Angle's Spanish dried up completely, followed almost immediately by her English. She said, «My brother … my little brother … I'm supposed to ask for El Viejo. The old one, viejo santero? Lidia said.» She ran out of words in either language at that point. A puff of smoke crawled from the little pipe, but the old woman made no other response.

Then, behind her, she heard a curtain being pulled aside. A hoarse, slow voice said, «Quieres El Viejo? Me.»

Angie turned and saw him, coming toward her out of a long hallway whose end she could not see. He moved deliberately, and it seemed to take him forever to reach her, as though he were returning from another world. He was black, dressed all in black, and he wore dark glasses, even in the dark, tiny shop. His hair was so white that it hurt her eyes when she stared. He said, «Your brother.»
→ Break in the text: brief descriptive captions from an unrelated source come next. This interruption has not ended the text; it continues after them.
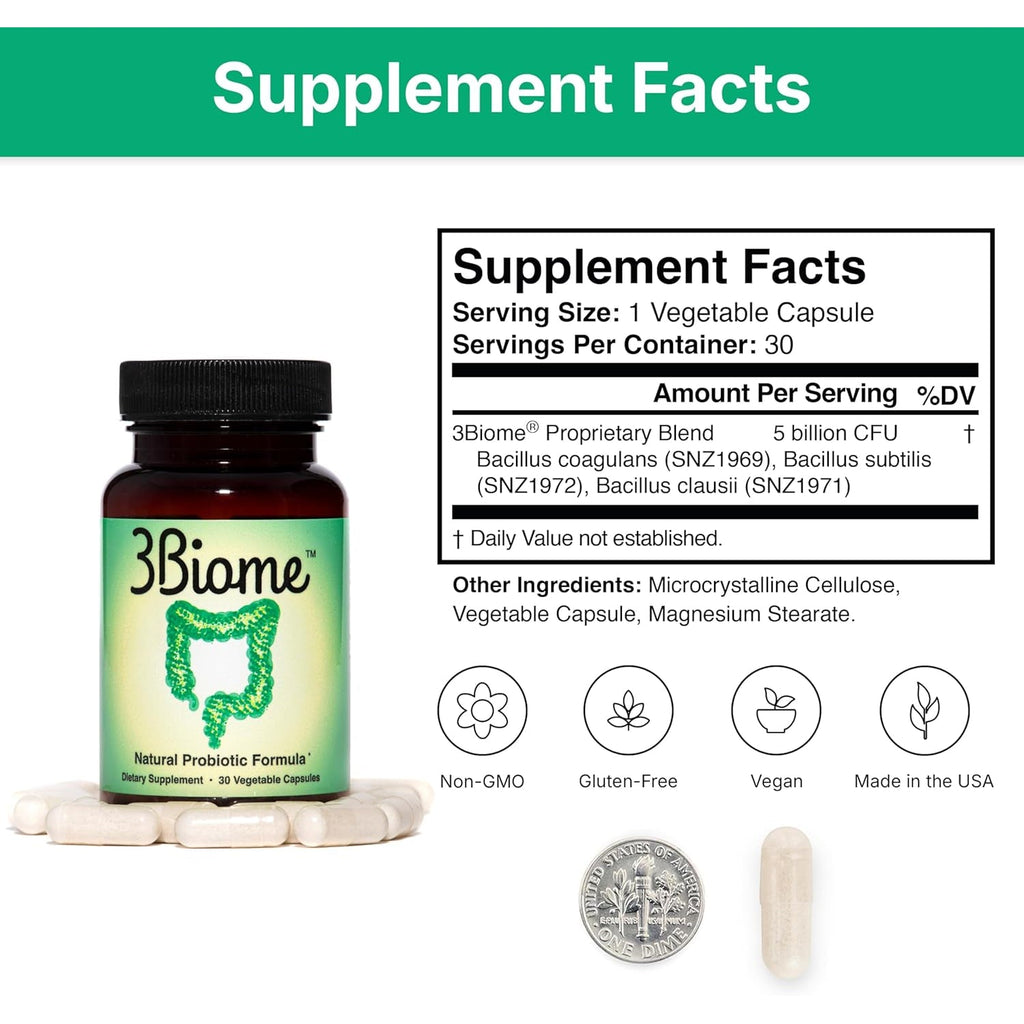 3Biome - Natural Probiotic Supplement - Non-Gmo, Vegan, Gluten-Free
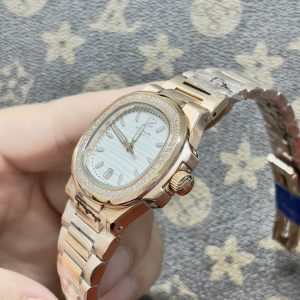Đồng Hồ Patek Philippe Nữ Đính Đá Mặt Trắng Fake Máy Nhật 33mm (1)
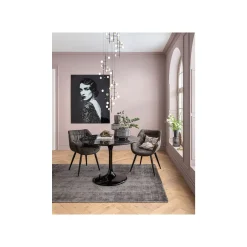 KARE Design Table Solo 110cm Effet Marbre Noir ^ Table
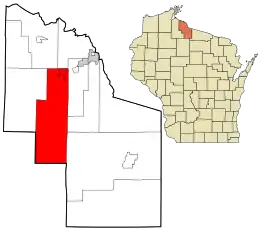 Location in Iron County and the state of Wisconsin.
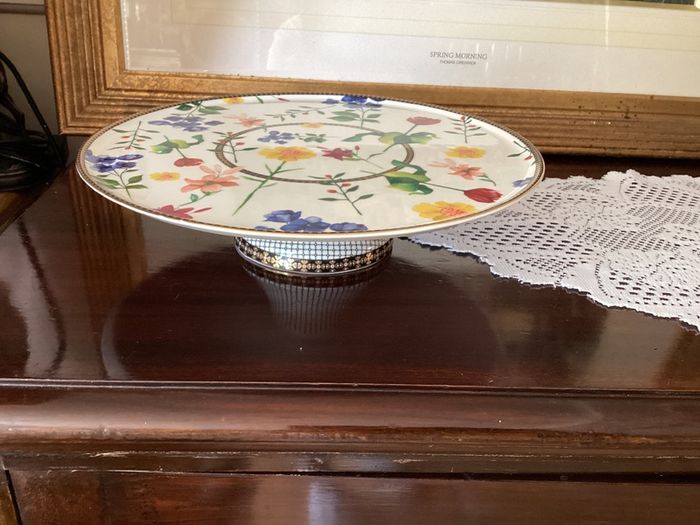 Ceramic Footed Floral Cake Display Plate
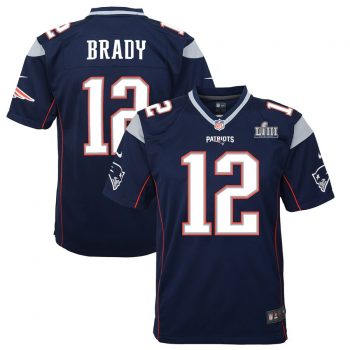 Tom Brady New England Patriots Nike Youth Super Bowl LIII Bound Game Jersey – Navy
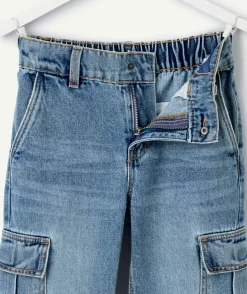 Jean droit cargo garçon en denim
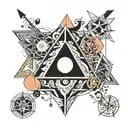 random geometric shapes by pink floyd tattoo design idea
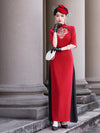 Gold Velvet Chinese Style No Slit Plus Size Cheongsam Women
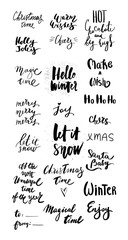 Set of 22 black ink christmas and happy new year celebration holidays hand lettering quotes to greeting card, banner, poster, calligraphy lettering vector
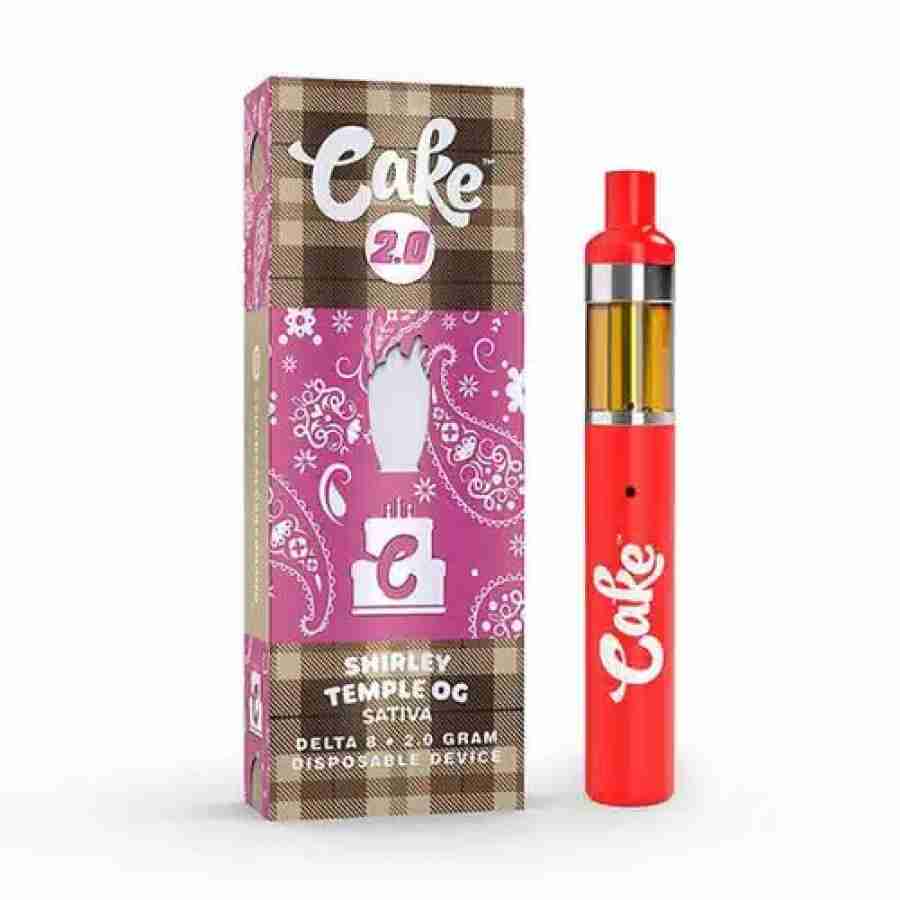 The cake 2. 0 coldpack d8 disposable vapes (2g) are next to a box.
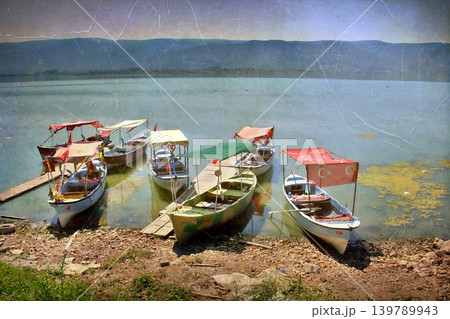 Golyazi Lakeside Village Bursa,Turkiye. Serene view of Golyazi on Uluabat Lake, Bursa, Turkey.  139789943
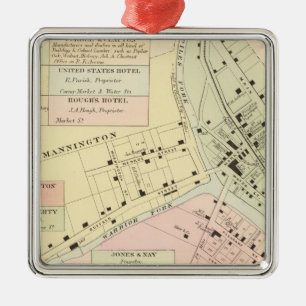 Karte von Mannington, West Virginia Silbernes Ornament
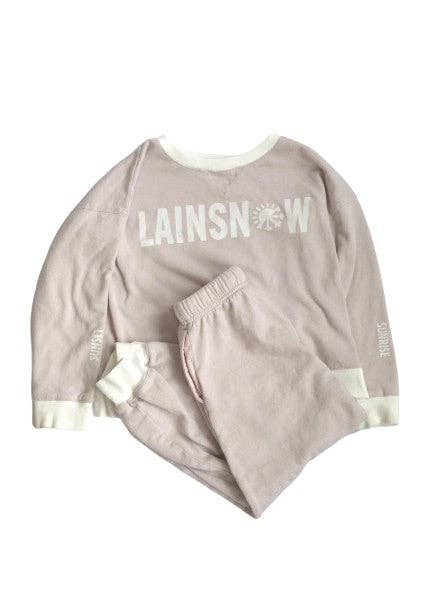 LainSnow - Wholesale Top & Pant Set - Kids - MINI Sweat Set- Dove1
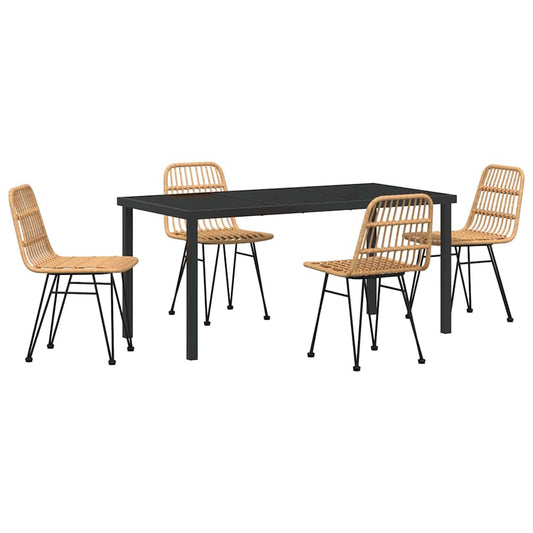 vidaXL Σετ Τραπεζαρίας Κήπου 5 τμχ Καφέ Πολυ Ρατάν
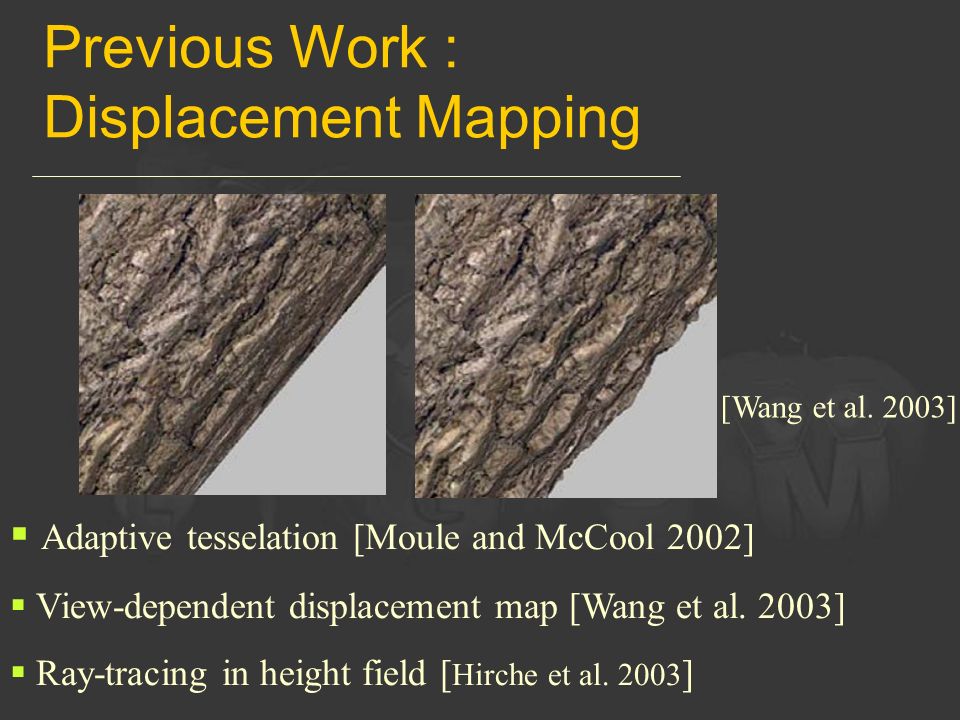 Previous Work : Displacement Mapping [Wang et al.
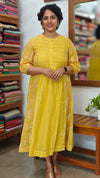 Mustard Mal Chanderi Dress - SCG11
«Yes," Angie said. «Yes. He's doing magic for me — he's getting something I need — and I don't know where he is, but I know he's in trouble, and I want him back!» She did not cry or break down — Marvyn would never be able to say that she cried over him — but it was a near thing.

El Viejo pushed the dark glasses up on his forehead, and Angie saw that he was younger than she had first thought — certainly younger than Lidia — and that there were thick white half–circles under his eyes. She never knew whether they were somehow natural, or the result of heavy makeup; what she did see was that they made his eyes look bigger and brighter — all pupil, nothing more. They should have made him look at least slightly comical, like a reverse–image raccoon, but they didn't.

«I know you brother," El Viejo said. Angie fought to hold herself still as he came closer, smiling at her with the tips of his teeth. «A brujito —little, little witch, we know. Mama and me, we been watching.» He nodded toward the old woman in the chair, who hadn't moved an inch or said a word since Angie's arrival. Angie smelled a damp, musty aroma, like potatoes going bad.